By Regena Handy
I’ve taken up a new hobby. Nothing particularly glamorous or exciting about it. Not even physically exerting or at all artistic. Actually it’s a fairly common diversion, anyone can do it. And many do to a certain extent.
This is the way I heard it described once, comparing it to another form of entertainment. It is ‘like bird watching except with people’. People watching. My latest pastime.
In my former, pre-retired life, all of life was planned. If grocery shopping was on the schedule, that was what I did. At the store I was on a mission — get in and get out. No lingering or ‘lollygagging around’, as my mother would have said.
But these days when errands need to be done, my husband and I often make the trip together, taking care of several tasks. Such excursions sometimes allow that I am the one who waits in the vehicle while he takes care of business. It used to be that I carried a book with me at all times, using any spare minutes to catch up on my reading. But now I instead use such occasions to observe those fascinating creatures around me called humans.

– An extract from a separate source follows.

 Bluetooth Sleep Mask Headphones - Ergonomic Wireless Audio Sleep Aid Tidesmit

For a couple of years, I spent several hours each week with an elderly relative. She lived alone so her favorite thing to do was to get a milkshake and park in the Walmart lot, watching shoppers come and go. An ideal public location for seeing a variety of people.
To me this idle practice of observing others is totally innocent. While some might consider such action to be done out of nosiness or even an invasion of privacy, I never do so with the slightest bit of maliciousness or as an act of judging. It is nothing more than a straightforward interest in the rest of the world and its inhabitants.

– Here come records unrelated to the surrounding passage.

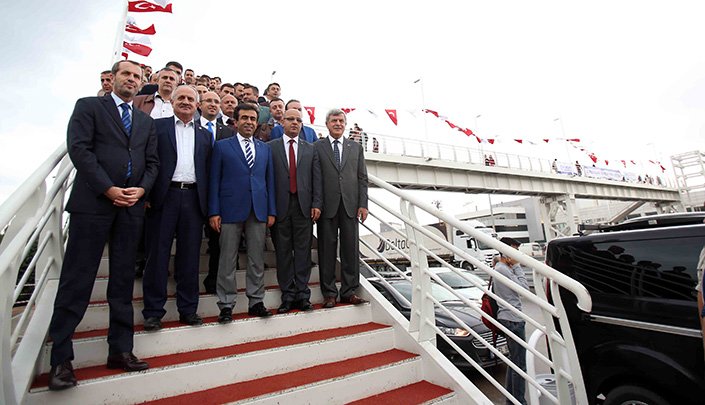 Erbakan ve Türkeş yaya köprüleri tanıtıldı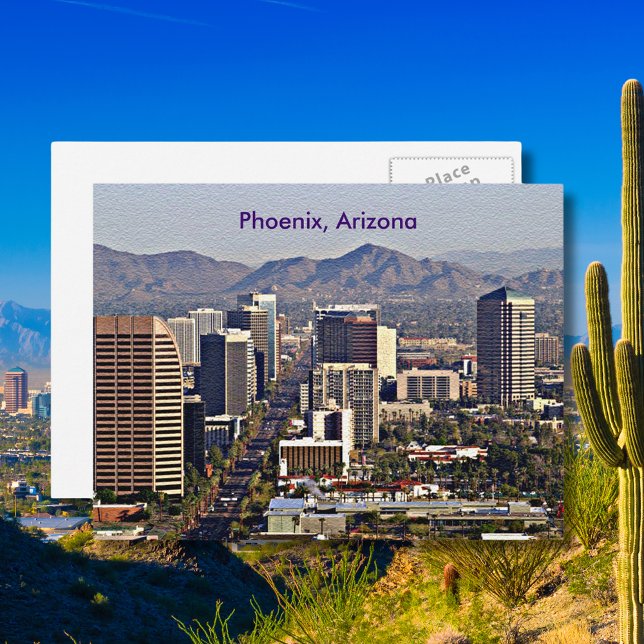 Downtown View of Phoenix, Arizona Postcard (Downtown View of Phoenix, Arizona Postcard)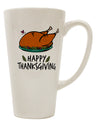 Thanksgiving Delight 16 Ounce Conical Latte Coffee Mug - Expertly Crafted Drinkware-Conical Latte Mug-TooLoud-Davson Sales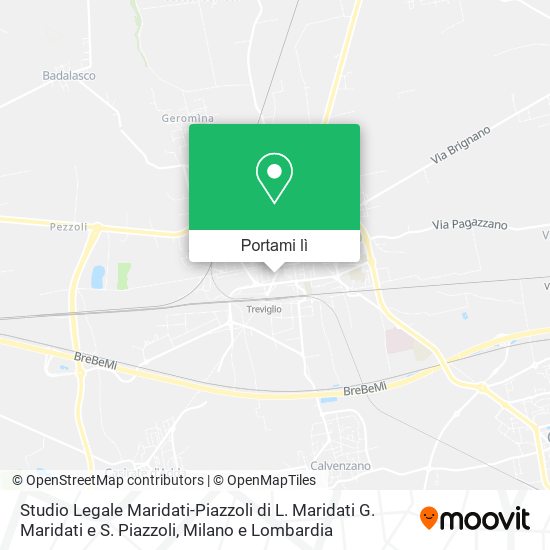 Mappa Studio Legale Maridati-Piazzoli di L. Maridati G. Maridati e S. Piazzoli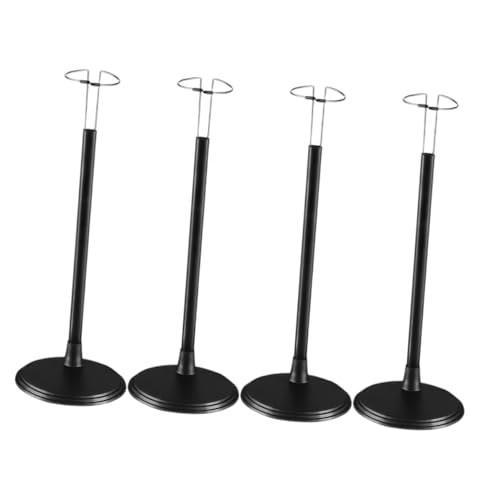 BRIGHTFUFU 4Stücke Verstellbarer Puppenständer für Actionfiguren und Plüschtiere Stabil und Langlebig für Präsentation zu Hause oder Einfacher Aufbau für Sichere von BRIGHTFUFU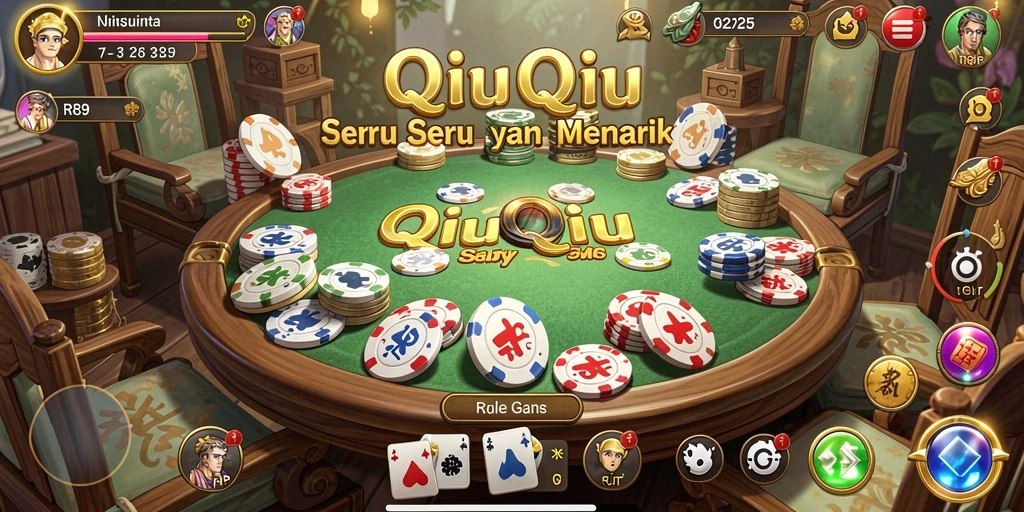 Screenshot gameplay QiuQiu RR89 yang menampilkan kartu dan strategi permainan.
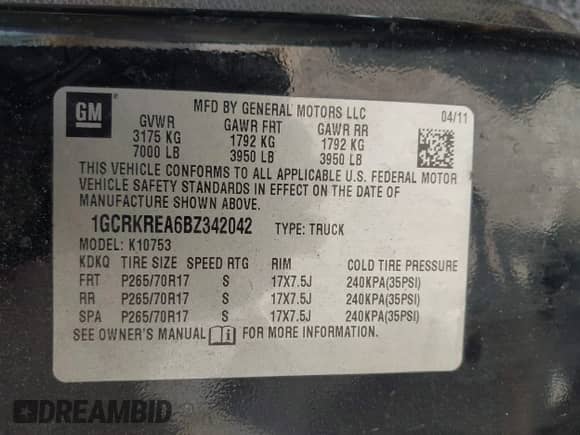 ✅ 2011 Chevrolet Silverado 1500 LS • VIN: 1GCRKREA6BZ342042 • Lot: 42410354. Wystawiony na IAAI z przebiegiem 290 263 mil mil. Skorzystaj z bezpłatnego archiwum sprzedaży aukcyjnych z USA i zobacz szczegółowy raport historii pojazdu na DreamBid. Zdjęcie 9.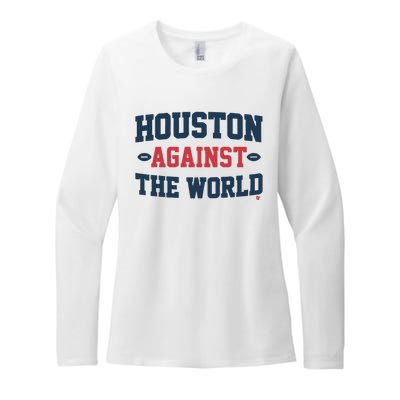 Houston Against The World Womens CVC Long Sleeve Shirt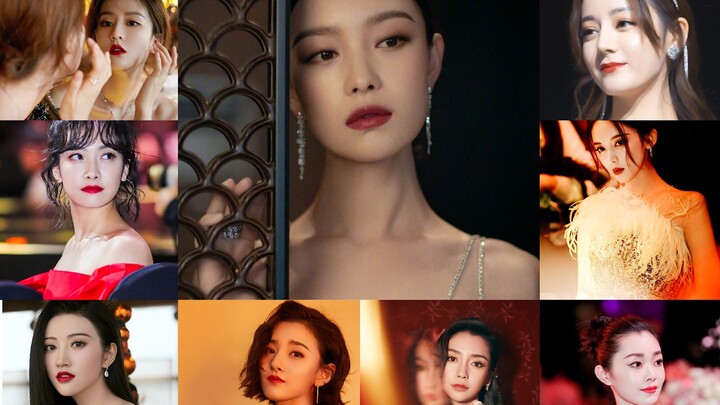 Mash-up of Chinese female celebrities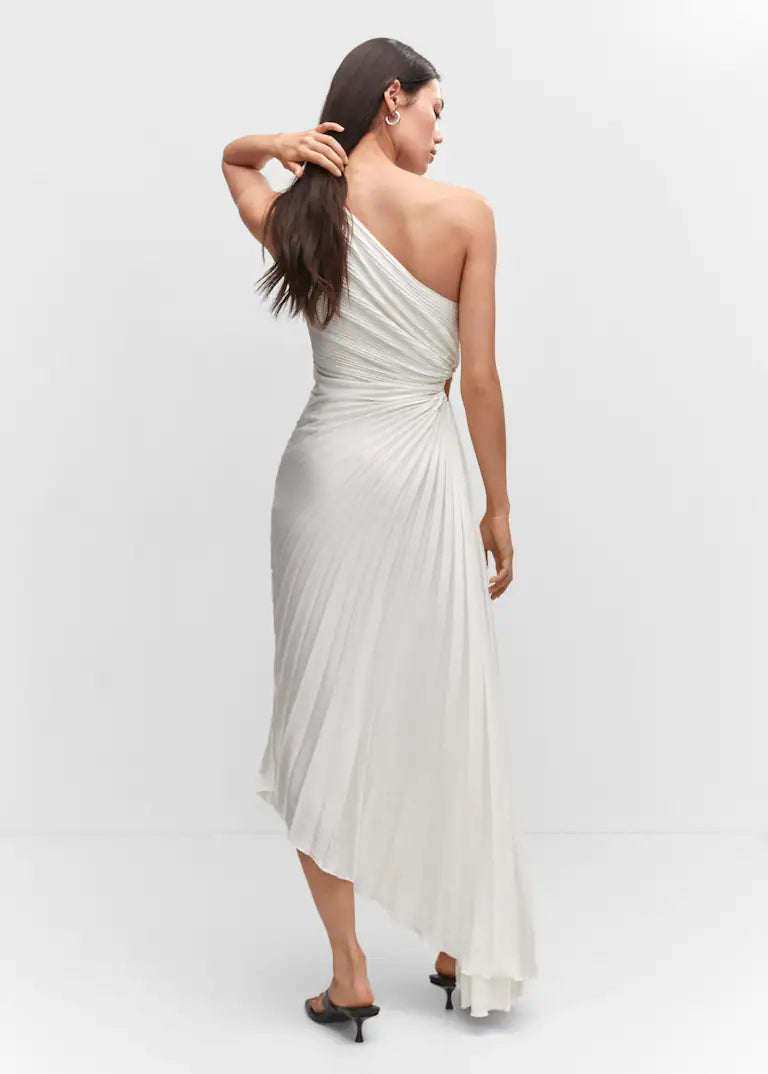 Sylviana | Elegantes Midikleid mit einer Schulter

In fact for a writer, observing others stimulates the imagination. We have all certainly heard the phrases that ‘truth is stranger than fiction’ and ‘everyone has a story.’ Same goes for the invented people that populate stories. Seldom could a writer dream up one that outshines the true characters we all meet on a daily basis. Factual situations and real people often plant little seeds in a writer’s brain that grow into a story all its own, perhaps inspired by but, in the end, no way related to a true event.
When they were younger my kids would call me on it when they saw me unconsciously looking at strangers. “Mom, don’t stare,” they’d say. What they didn’t realize was that the constant story writer that lives in me was busy at work, noting others’ idiosyncrasies, arranging my version of their particular story in my mind.
It’s especially entertaining to observe others who are doing the same — in other words, watch people who are people watching. You ever wonder if there is someone watching you watch someone else watch yet another person. Sort of like a hallway of mirrors, reflecting on and on, endless. Whew! A brain teaser I’ll leave with you to mull on.